Rita’s life story perfectly places her to do the work she does and to write this book. no one can doubt her understanding and experience in the subject but her ability to write such engaging prose is impressive. The stories are brutal but considering the topic, it is quite understandable. she isn’t looking to shock but illustrate.

I gleaned both contextual understanding and technical know-how. Below are two insights that particularly resonated.

“I’ve learned in my counterterrorism work that where there is enough rhetorical upheaval, there will eventually be real-life action.”

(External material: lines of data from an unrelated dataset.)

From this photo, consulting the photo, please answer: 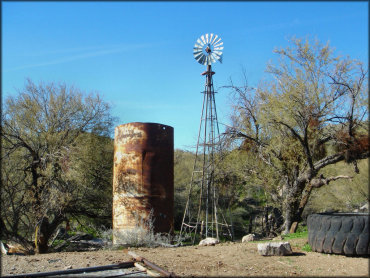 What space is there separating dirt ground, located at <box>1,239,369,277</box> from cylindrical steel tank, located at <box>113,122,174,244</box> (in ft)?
8.71

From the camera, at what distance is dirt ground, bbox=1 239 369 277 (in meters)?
6.85

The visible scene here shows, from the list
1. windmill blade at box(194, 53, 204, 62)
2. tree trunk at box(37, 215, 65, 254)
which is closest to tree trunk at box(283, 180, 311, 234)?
windmill blade at box(194, 53, 204, 62)

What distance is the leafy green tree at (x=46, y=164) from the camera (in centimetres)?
1411

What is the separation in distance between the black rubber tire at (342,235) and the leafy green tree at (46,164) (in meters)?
9.13

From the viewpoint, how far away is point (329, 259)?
7.58m

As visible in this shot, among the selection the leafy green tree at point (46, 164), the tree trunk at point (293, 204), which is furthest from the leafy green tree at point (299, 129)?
the leafy green tree at point (46, 164)

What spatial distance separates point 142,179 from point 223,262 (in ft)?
17.8

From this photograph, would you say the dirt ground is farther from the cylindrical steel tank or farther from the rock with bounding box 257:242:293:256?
the cylindrical steel tank

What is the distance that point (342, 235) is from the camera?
781 centimetres

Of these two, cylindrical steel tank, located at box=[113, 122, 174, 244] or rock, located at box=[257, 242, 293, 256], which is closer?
rock, located at box=[257, 242, 293, 256]

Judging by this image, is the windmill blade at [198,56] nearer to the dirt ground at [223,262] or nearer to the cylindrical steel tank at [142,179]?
the cylindrical steel tank at [142,179]

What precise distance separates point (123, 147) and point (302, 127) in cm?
632

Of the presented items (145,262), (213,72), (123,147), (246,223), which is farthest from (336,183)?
(145,262)

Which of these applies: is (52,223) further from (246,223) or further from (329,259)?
(246,223) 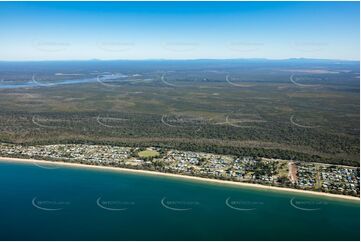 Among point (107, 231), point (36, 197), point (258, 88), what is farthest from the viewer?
point (258, 88)

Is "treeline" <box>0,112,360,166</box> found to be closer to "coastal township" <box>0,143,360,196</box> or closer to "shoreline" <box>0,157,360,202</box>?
"coastal township" <box>0,143,360,196</box>

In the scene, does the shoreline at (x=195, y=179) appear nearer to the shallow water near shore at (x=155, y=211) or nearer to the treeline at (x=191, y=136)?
the shallow water near shore at (x=155, y=211)

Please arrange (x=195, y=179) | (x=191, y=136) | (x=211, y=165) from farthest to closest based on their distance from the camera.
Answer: (x=191, y=136) → (x=211, y=165) → (x=195, y=179)

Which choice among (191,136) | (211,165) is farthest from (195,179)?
(191,136)

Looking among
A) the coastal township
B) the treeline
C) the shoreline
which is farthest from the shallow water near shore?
the treeline

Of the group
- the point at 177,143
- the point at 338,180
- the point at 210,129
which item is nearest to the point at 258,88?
the point at 210,129

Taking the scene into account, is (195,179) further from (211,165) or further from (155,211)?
(155,211)

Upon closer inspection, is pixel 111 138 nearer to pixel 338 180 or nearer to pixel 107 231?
pixel 107 231

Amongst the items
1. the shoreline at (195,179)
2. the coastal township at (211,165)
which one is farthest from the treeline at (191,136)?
the shoreline at (195,179) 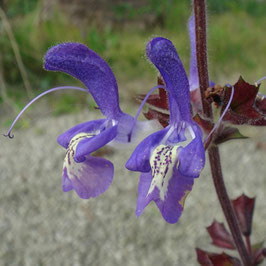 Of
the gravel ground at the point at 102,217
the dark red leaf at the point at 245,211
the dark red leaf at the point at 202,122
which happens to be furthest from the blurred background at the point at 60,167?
the dark red leaf at the point at 245,211

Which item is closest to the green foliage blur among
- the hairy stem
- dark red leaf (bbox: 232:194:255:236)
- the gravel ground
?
the gravel ground

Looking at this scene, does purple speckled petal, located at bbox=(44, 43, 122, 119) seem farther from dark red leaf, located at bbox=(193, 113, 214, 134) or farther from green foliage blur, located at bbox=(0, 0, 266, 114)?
green foliage blur, located at bbox=(0, 0, 266, 114)

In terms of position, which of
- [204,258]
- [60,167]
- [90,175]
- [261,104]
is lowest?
[60,167]

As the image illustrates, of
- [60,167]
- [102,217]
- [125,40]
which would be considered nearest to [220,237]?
[102,217]

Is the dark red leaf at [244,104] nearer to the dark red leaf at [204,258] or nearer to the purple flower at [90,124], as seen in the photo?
the purple flower at [90,124]

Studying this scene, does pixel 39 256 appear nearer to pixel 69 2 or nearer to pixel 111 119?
pixel 111 119

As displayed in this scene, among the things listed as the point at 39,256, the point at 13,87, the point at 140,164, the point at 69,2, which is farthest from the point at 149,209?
the point at 69,2

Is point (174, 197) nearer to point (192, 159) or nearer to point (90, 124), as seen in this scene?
point (192, 159) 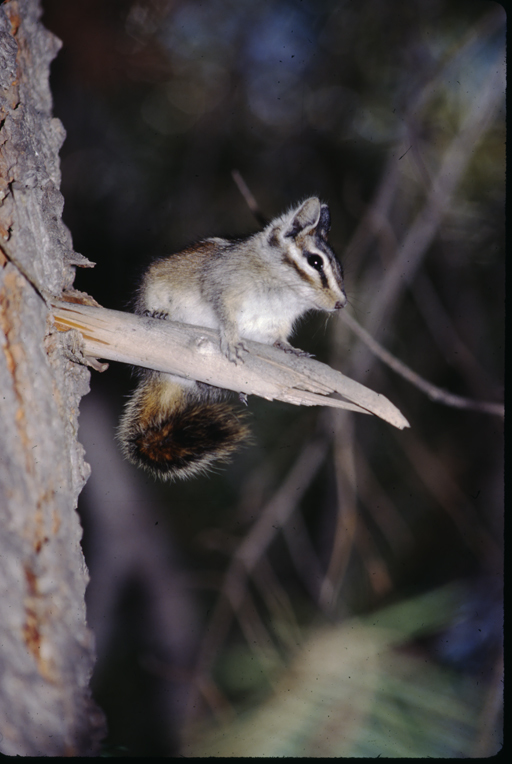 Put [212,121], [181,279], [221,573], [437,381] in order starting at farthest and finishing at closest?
[437,381]
[221,573]
[212,121]
[181,279]

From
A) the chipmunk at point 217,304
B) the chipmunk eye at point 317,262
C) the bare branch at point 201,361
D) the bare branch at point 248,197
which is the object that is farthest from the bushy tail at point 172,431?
the bare branch at point 248,197

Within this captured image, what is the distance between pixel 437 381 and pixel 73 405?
169 centimetres

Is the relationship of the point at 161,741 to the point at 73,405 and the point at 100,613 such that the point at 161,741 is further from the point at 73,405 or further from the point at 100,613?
Result: the point at 73,405

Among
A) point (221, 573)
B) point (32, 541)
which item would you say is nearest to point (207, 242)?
point (32, 541)

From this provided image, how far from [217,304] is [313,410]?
1.09 metres

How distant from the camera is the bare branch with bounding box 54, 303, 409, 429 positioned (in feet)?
2.81

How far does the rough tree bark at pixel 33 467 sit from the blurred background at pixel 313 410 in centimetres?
20

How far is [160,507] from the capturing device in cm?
177

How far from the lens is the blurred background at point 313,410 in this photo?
3.94ft

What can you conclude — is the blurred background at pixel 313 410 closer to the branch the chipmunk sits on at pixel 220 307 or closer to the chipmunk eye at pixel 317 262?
the branch the chipmunk sits on at pixel 220 307

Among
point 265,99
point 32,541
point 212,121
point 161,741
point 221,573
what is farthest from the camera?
point 221,573

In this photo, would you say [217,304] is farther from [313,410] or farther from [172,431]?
[313,410]

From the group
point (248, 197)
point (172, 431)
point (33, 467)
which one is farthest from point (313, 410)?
point (33, 467)

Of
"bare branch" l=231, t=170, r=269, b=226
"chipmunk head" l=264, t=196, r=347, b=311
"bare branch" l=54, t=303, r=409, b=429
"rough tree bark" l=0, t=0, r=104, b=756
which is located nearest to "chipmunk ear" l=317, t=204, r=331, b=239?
"chipmunk head" l=264, t=196, r=347, b=311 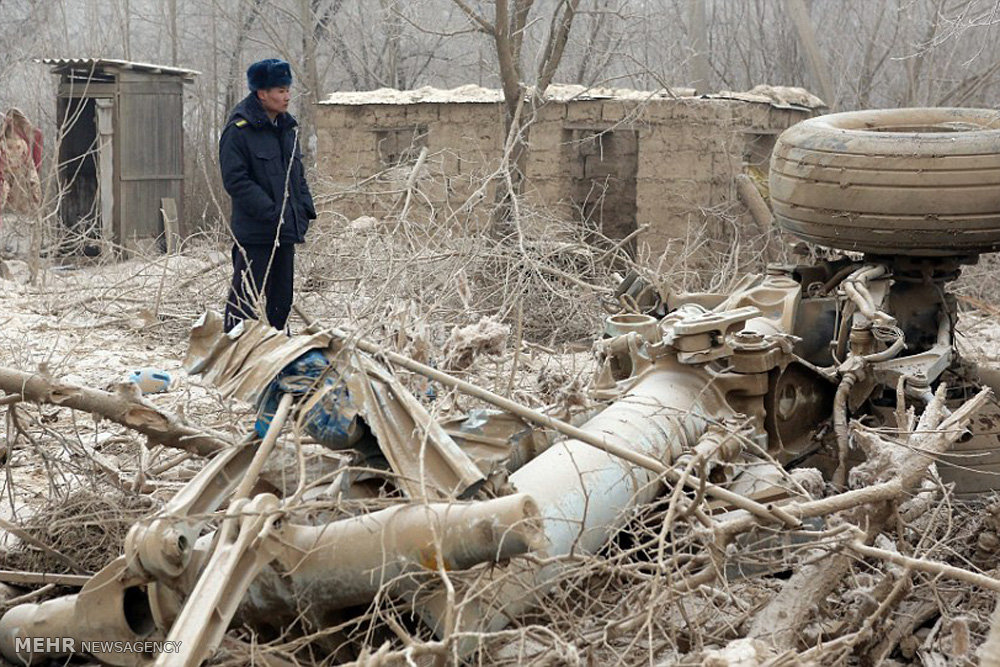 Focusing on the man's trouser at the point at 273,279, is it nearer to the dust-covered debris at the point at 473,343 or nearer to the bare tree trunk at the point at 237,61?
the dust-covered debris at the point at 473,343

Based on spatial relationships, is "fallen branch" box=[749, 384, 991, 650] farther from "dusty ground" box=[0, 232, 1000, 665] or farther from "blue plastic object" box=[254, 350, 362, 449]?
"blue plastic object" box=[254, 350, 362, 449]

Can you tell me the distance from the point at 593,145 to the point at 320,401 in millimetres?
8917

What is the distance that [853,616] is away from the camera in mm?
3479

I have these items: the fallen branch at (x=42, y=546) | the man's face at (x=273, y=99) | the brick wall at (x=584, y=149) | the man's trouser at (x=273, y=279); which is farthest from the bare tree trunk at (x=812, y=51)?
the fallen branch at (x=42, y=546)

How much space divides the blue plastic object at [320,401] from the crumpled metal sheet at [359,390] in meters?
0.01

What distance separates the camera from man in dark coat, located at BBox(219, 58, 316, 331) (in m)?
7.27

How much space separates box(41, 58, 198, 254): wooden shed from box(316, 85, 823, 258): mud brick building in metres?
2.76

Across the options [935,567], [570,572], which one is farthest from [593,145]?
[935,567]

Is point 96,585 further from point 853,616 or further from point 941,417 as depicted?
point 941,417

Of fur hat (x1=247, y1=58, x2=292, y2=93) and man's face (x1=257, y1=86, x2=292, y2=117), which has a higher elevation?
fur hat (x1=247, y1=58, x2=292, y2=93)

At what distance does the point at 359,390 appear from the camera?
334 centimetres

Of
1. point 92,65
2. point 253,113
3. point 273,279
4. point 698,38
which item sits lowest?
point 273,279

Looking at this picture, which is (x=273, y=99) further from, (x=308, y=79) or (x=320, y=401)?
(x=308, y=79)

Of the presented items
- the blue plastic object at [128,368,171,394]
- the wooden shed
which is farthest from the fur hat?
the wooden shed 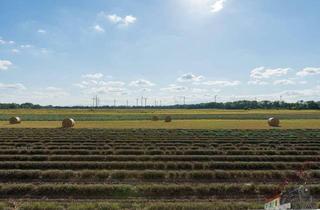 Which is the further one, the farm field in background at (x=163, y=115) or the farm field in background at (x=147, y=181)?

“Saints and Soldiers by Rita Katz
“Yet as the world’s fight against jihadi terrorists’ online infrastructures have shown, it was never so much any government making progress as it was the private sector. It took many nudges from government agencies and the general public, but social media and ICT companies eventually came together to build a massive digital wall between ISIS and the people they wish to recruit or intimidate. What the world got from all of this was a wealth of tested and proven strategies that we have sadly not seen fully adapted and implemented against far-right extremism. That the tech sector holds so much power in fighting far-right extremism should at this point be expected, because it speaks to the very nature of such actors. They are products of the environments that tech companies have built, thus making those very companies the best-equipped (and most responsible) to counter them.”

“Saints and Soldiers by Rita Katz
This book is one that will remain in my mind for a long while. The author is one I will follow and look to read again. It’s a five out of five and highly recommended.

I received a complimentary copy of the book from Columbia University Press through NetGalley. Opinions expressed in this review are completely my own.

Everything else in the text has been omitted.